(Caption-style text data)

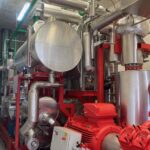 rote und silberne Metallrohre verbinden Behälter, Pumpen und Ventile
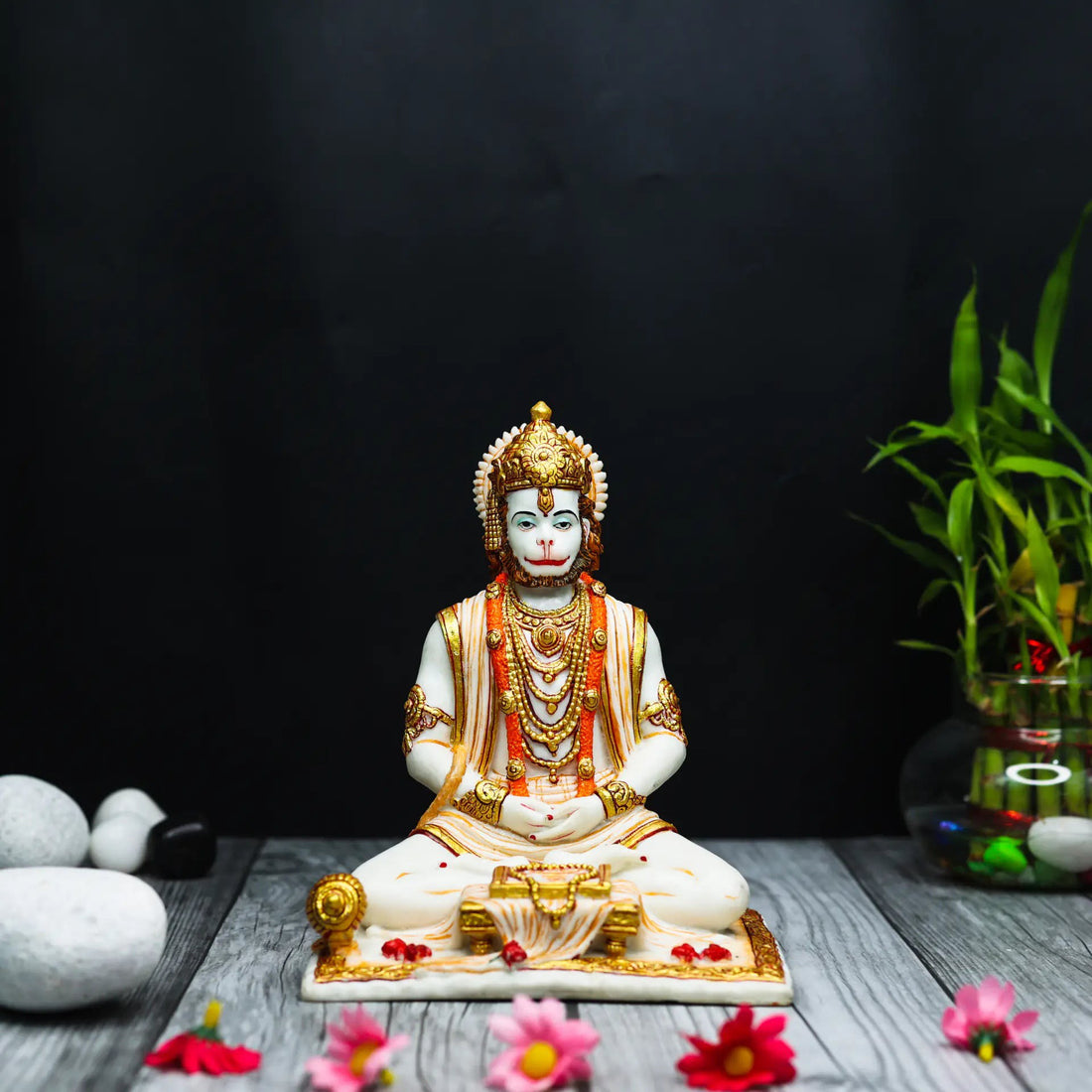 Aurance Lord Hanuman sitting statue in a meditative pose, reading a book with a gada, featuring gold and white detail.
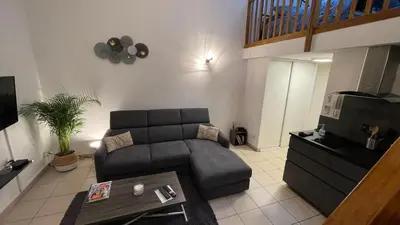 a living room with a couch and a table at Addis in Salon-de-Provence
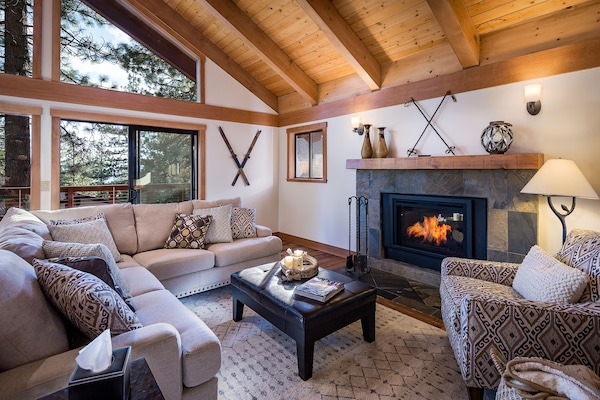 Great room has lofty beamed ceilings, gas fireplace, flat screen TV and deck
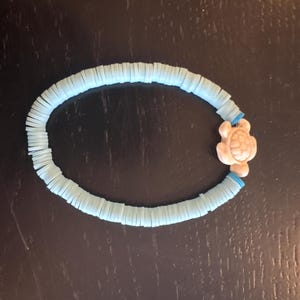 May include: A stretch bracelet composed of small, flat, circular light blue clay beads arranged in a continuous loop, featuring a single, textured, off-white turtle-shaped charm integrated into the design as a focal point of the accessory.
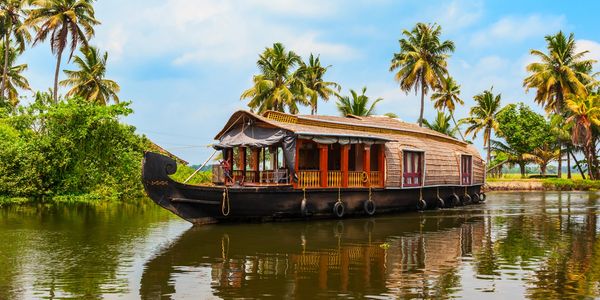 Traditional houseboat floating on calm water with palm trees in the background.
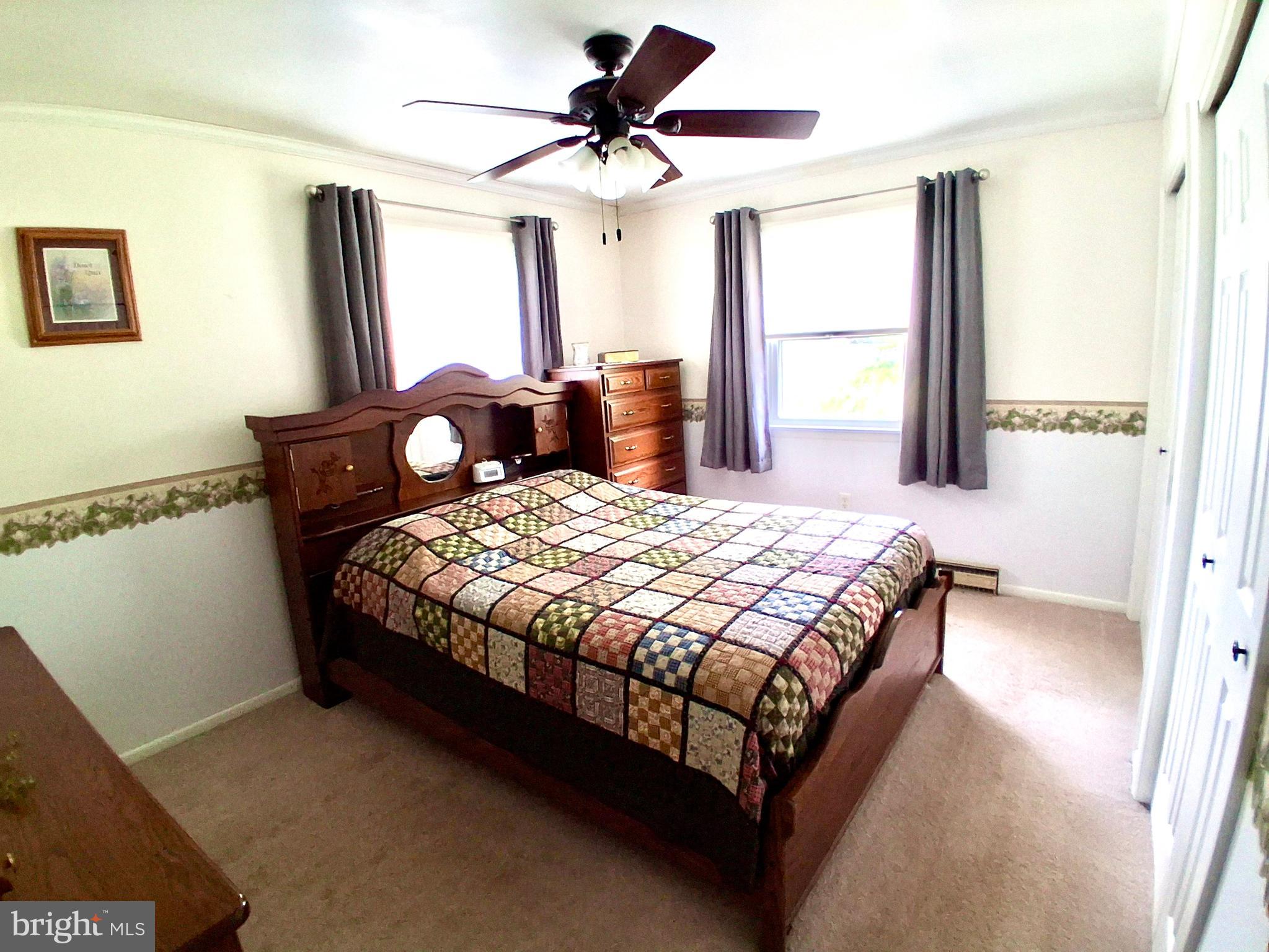 9 Buch Mill Road Lititz, PA 17543 - Photo 34 of 39 a bedroom with a bed mirror and window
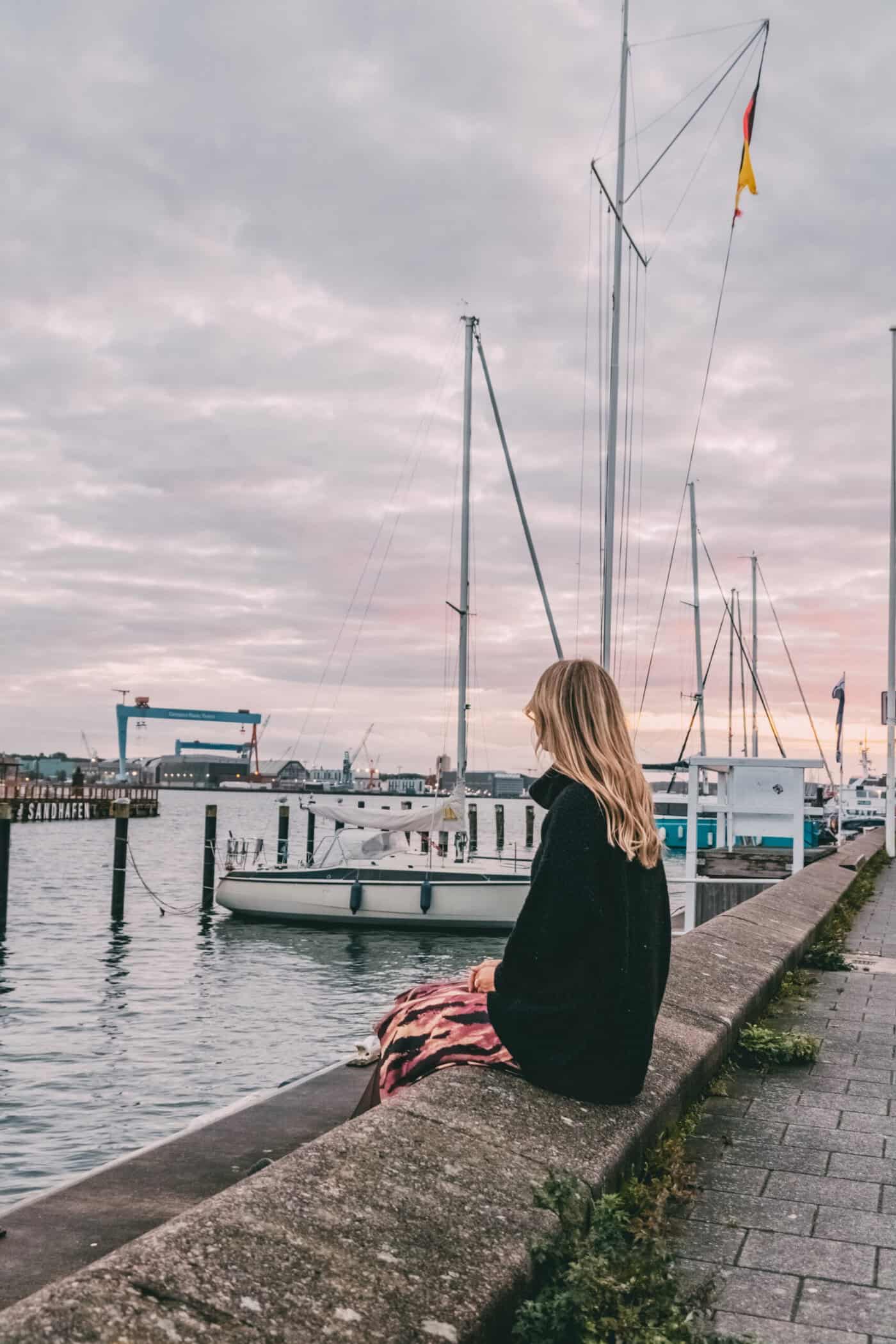 Finja sitzt an der Kiellinie mit Blick auf die Kieler Förde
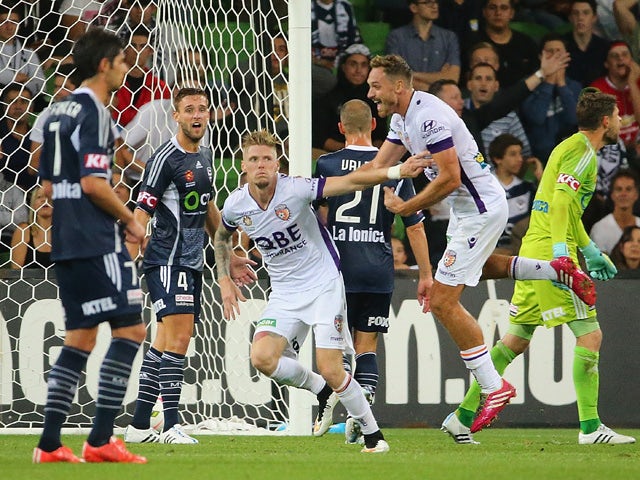 Andrew Keogh of the Glory celebrates after scoring the first goal during the round 20 A-League match between Melbourne Victory and Perth Glory at AAMI Park on March 7, 2015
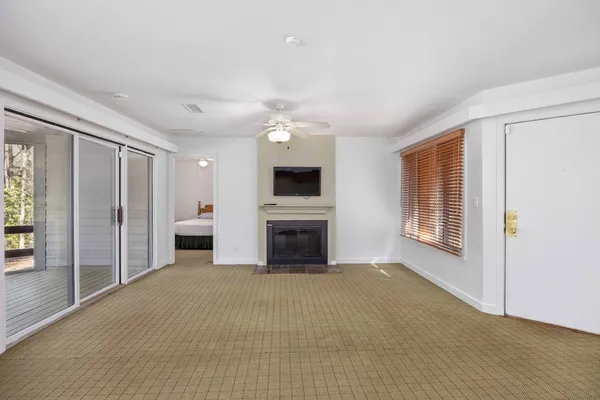 an empty room with windows fireplace and windows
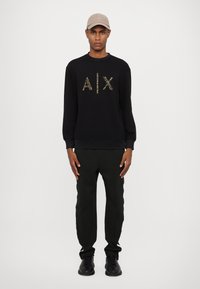Sudadera negra con el logo dorado "A|X", combinada con pantalones verde oscuro y zapatos negros. El modelo lleva una gorra de béisbol beige.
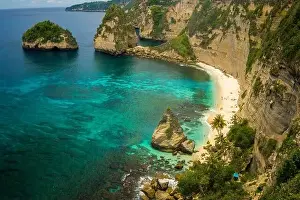 beautiful aerial view of tropical paradise beach and rock cliff with amazing turquoise sea water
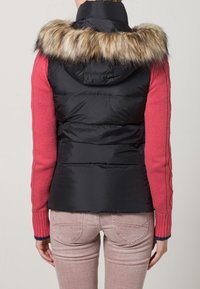 Svart vadderad väst med foder av pälshuva, i kombination med en rosa stickad tröja. Visar en figursydd design och kontrasterande texturer.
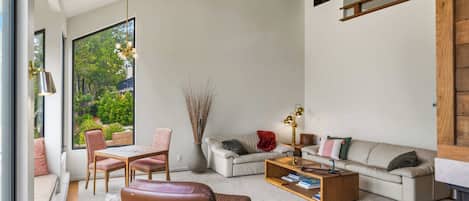 Una sala de estar moderna con sofá, mesa de centro, sillas, ventanas amplias y vista a zonas verdes.
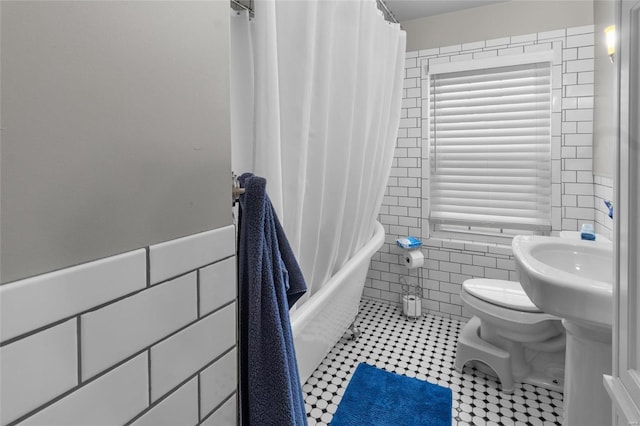 full bathroom featuring toilet, a wainscoted wall, tile walls, and shower / bathtub combination with curtain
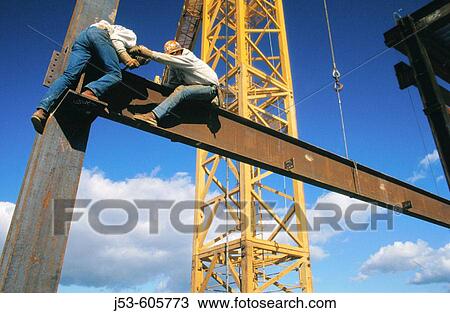Ironworkers connecting steel beams View Large Photo Image Stock Image - Ironworkers connecting steel beams. Fotosearch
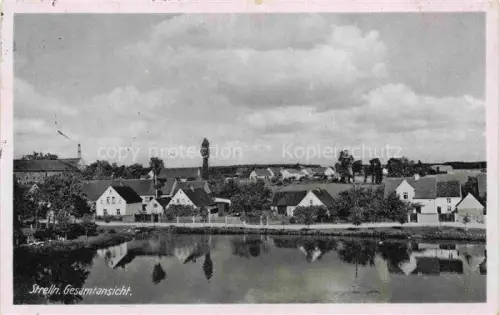 AK / Ansichtskarte Strelln Mockrehna Sachsen Teilansicht Partie am Wasser
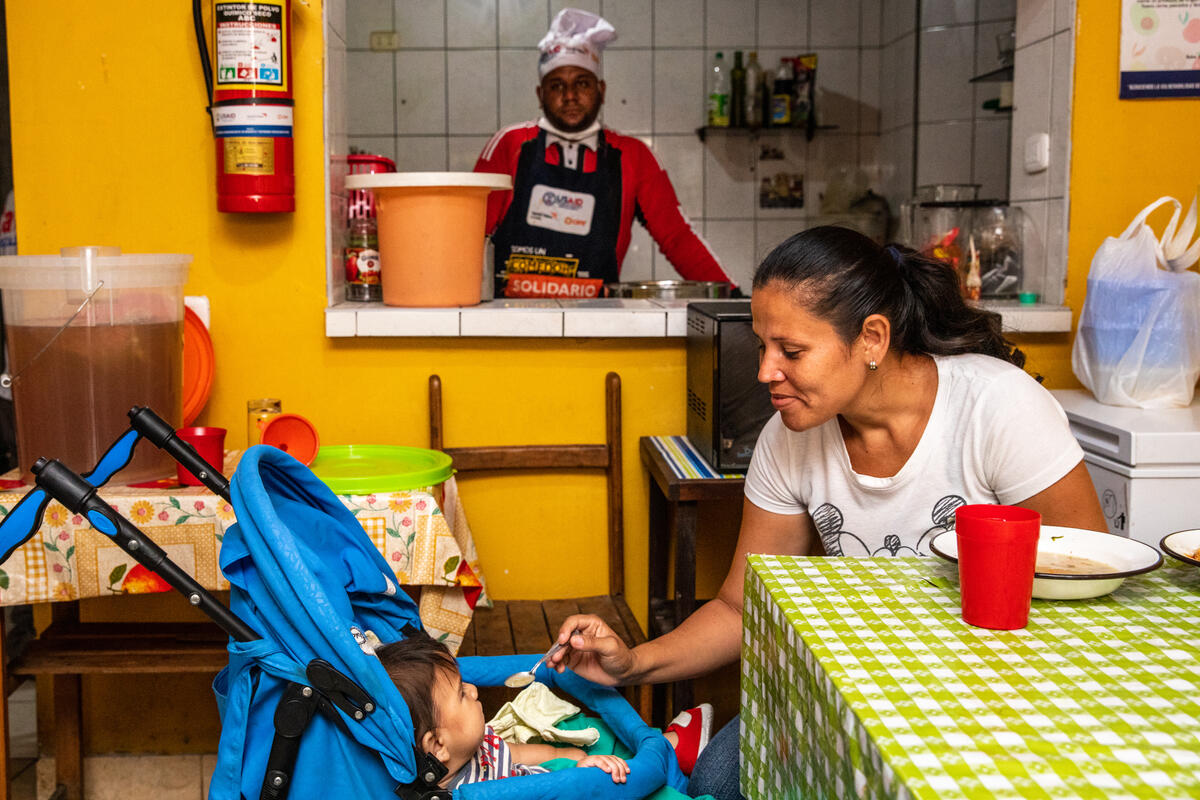 Venezuelan Refugee feeds her baby at feeding center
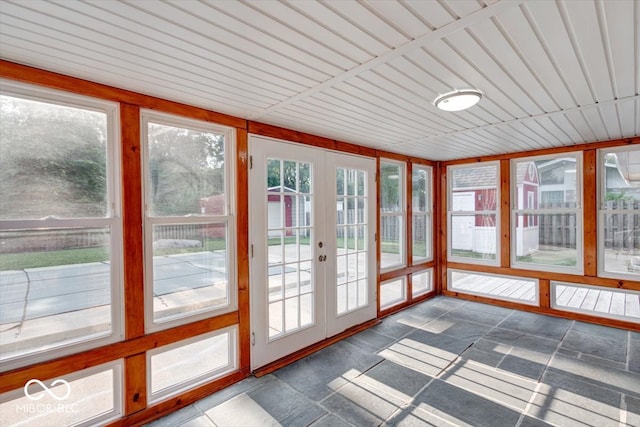 unfurnished sunroom with french doors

- What you have to do: Copy out the lines above unchanged. Skip the images.

- Answer below:
 rote und silberne Metallrohre verbinden Behälter, Pumpen und Ventile
 Aurance Lord Hanuman sitting statue in a meditative pose, reading a book with a gada, featuring gold and white detail.
 a living room with a couch and a table at Addis in Salon-de-Provence
 Great room has lofty beamed ceilings, gas fireplace, flat screen TV and deck
 May include: A stretch bracelet composed of small, flat, circular light blue clay beads arranged in a continuous loop, featuring a single, textured, off-white turtle-shaped charm integrated into the design as a focal point of the accessory.
 Traditional houseboat floating on calm water with palm trees in the background.
 9 Buch Mill Road Lititz, PA 17543 - Photo 34 of 39 a bedroom with a bed mirror and window
 Finja sitzt an der Kiellinie mit Blick auf die Kieler Förde
 Andrew Keogh of the Glory celebrates after scoring the first goal during the round 20 A-League match between Melbourne Victory and Perth Glory at AAMI Park on March 7, 2015
 an empty room with windows fireplace and windows
Sudadera negra con el logo dorado "A|X", combinada con pantalones verde oscuro y zapatos negros. El modelo lleva una gorra de béisbol beige.
 beautiful aerial view of tropical paradise beach and rock cliff with amazing turquoise sea water
 Svart vadderad väst med foder av pälshuva, i kombination med en rosa stickad tröja. Visar en figursydd design och kontrasterande texturer.
 Una sala de estar moderna con sofá, mesa de centro, sillas, ventanas amplias y vista a zonas verdes.
 full bathroom featuring toilet, a wainscoted wall, tile walls, and shower / bathtub combination with curtain
Ironworkers connecting steel beams View Large Photo Image Stock Image - Ironworkers connecting steel beams. Fotosearch
 AK / Ansichtskarte Strelln Mockrehna Sachsen Teilansicht Partie am Wasser
 Venezuelan Refugee feeds her baby at feeding center
 unfurnished sunroom with french doors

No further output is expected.